I see a lot going on here, so I want to try to unroll as much as needed to satisfy the itch in the back of my brain.
ya there is a clock domain crossing, but that is easy to spot and needs fixing, but does nothing to explain the bit errors.
I think the problem is more complex. the pattern after 0x200000 has my full attention! and is a red flag for a timing violation.
reg [63:0] data;
......
assign miso = data[bit_to_send];
I think this line is basically guaranteed to generate a timing violation due to how slow this operation will be.
I also think this violation will not show up on any timing report because the destination of this signal is not a flip flop.
When I see this, i see a 64:1 multiplexer being inferred.
A quick google finds
this datasheet which says you don't have mux hardware, but 4bit LUTs.
which can be used to make a 2:1 mux, and if you connect 63 of them together into a 6 layer deep nary tree, you will get the 64:1 mux needed.
This is only part of the problem.
I can't see your top module, clks, constrants, simulation, so im going to make a few generic assumptions.

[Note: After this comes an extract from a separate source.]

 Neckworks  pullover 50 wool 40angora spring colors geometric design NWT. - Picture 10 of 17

First is that your logic is good. and simulations perfect.
Im not sure what spi mode zero is off the top of my head, I think its sample on the rising edge. but put that to the side for now. lets look at the tripple O's (order of operation).
always @(negedge clk or posedge cs) begin
if (cs) begin
...
end else begin
bit_to_send <= bit_to_send - 1;
end
end
on the negedge of the clock, update `bit_to_send`.

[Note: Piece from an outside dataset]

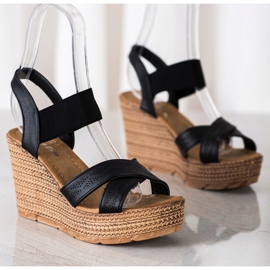 Sea Elves Sandales légères à enfiler le noir 2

`bit_to_send` then begins propagating through the 64:1 mux.
so if this is the critical path, it will look alot like
data_d > net > lut0 > net > lut1 > net > lut2 > net > lut3 > net > lut4 > net > lut5 > net > miso
Now the spec.
analog.com defines spi mode 0 as
clock Polarity in Idle State - Logic low
Clock Phase Used to Sample and/or Shift the Data - Data sampled on rising edge and shifted out on the falling edge
ok, so we have the tripple O's and spec. what does not match.
ooo says on falling edge, we update bit_to_send and shift out the data. but with a huge delay.
So I think the root of the error is the amount of time it takes to propagate the 64:1 mux.
Quick experiment. register the output and trade the mux for a shift register.
you will have to figure out some new always blocks to handle all of this, your only assigning data at the falling edge of ce.
maybe something like
assign miso = data[63];
....
always @(negedge cs or negedge clk) begin
if( /*cs edge detector magic*/ ) begin
data <= value;
end else begin
data <= data << 1;
end
end
that should remove the 64:1 mux and replace it with a 2:1 mux, that assigns the value to 'data'.
input 0 would be the 'value' port and input 1 would be the (data << 1 ).